Короткий осенний день быстро шел на убыль. Мы разговорились о страшной, необъяснимой слепоте, поразившей Волка Ларсена. Я сказал, что, видимо, дело его плохо, если он заявил, что хочет остаться и умереть на Острове Усилий. Когда такой сильный, так любящий жизнь человек готовится к смерти, ясно, что тут кроется нечто большее, чем слепота. А эти ужасные головные боли! Потолковав, мы решили, что он, очевидно, страдает какой-то болезнью мозговых сосудов и во время приступов испытывает нечеловеческую боль.

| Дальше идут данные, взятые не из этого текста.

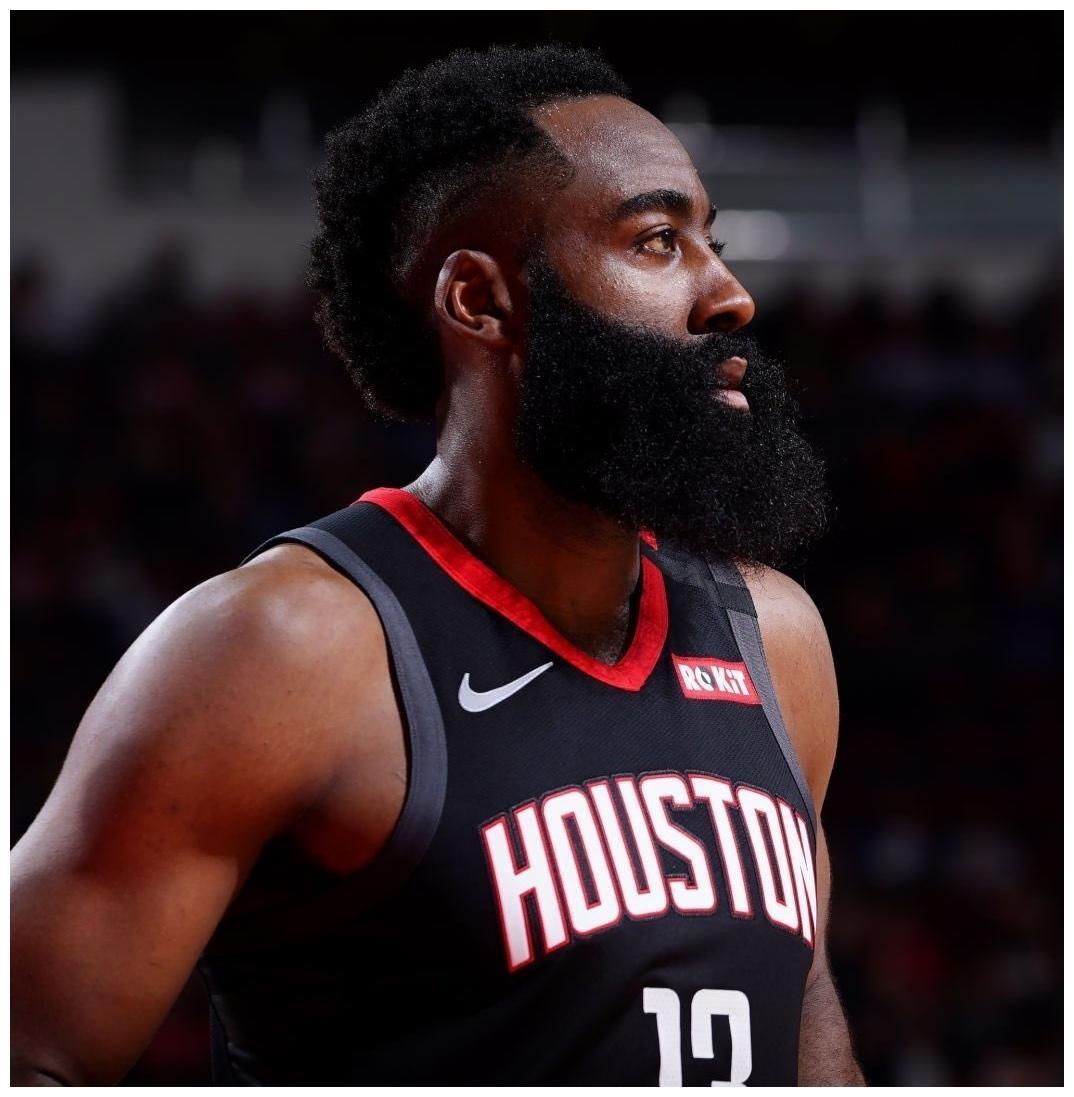 九游体育-包含哈登迎来二十赛季高光表现，IG球迷沸腾！的词条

Я заметил, что, чем больше говорили мы о тяжелом состоянии Волка Ларсена, тем сильнее прорывалось у Мод сострадание к нему, но это было так трогательно и так по-женски, что лишь сильнее привлекало меня к ней. К тому же всякая фальшивая сентиментальность была ей совершенно чужда. Мод вполне соглашалась со мной, что нам необходимо применить к Волку Ларсену самые суровые меры, если мы хотим уплыть с этого острова, и только мысль о том, что я могу оказаться вынужденным лишить его жизни, чтобы спасти свою (она сказала «нашу») жизнь, пугала ее.

На следующий день мы позавтракали на рассвете и сразу же принялись за работу. В носовом трюме, где хранился судовой инвентарь, я нашел верп и ценой больших усилий вытащил его на палубу и спустил в шлюпку. Сложив бухтой на корме шлюпки длинный трос, я завез якорь подальше от берега и бросил его. Ветра не было, стоял высокий прилив, и шхуна была на плаву. Отдав швартовы, я начал верповать вручную, так как брашпиль был испорчен. Скоро шхуна подошла почти к самому верпу. Он, конечно, был слишком мал, чтобы удержать судно даже при легком бризе, поэтому я отдал большой якорь правого борта, дав побольше слабины. После обеда я взялся восстанавливать брашпиль.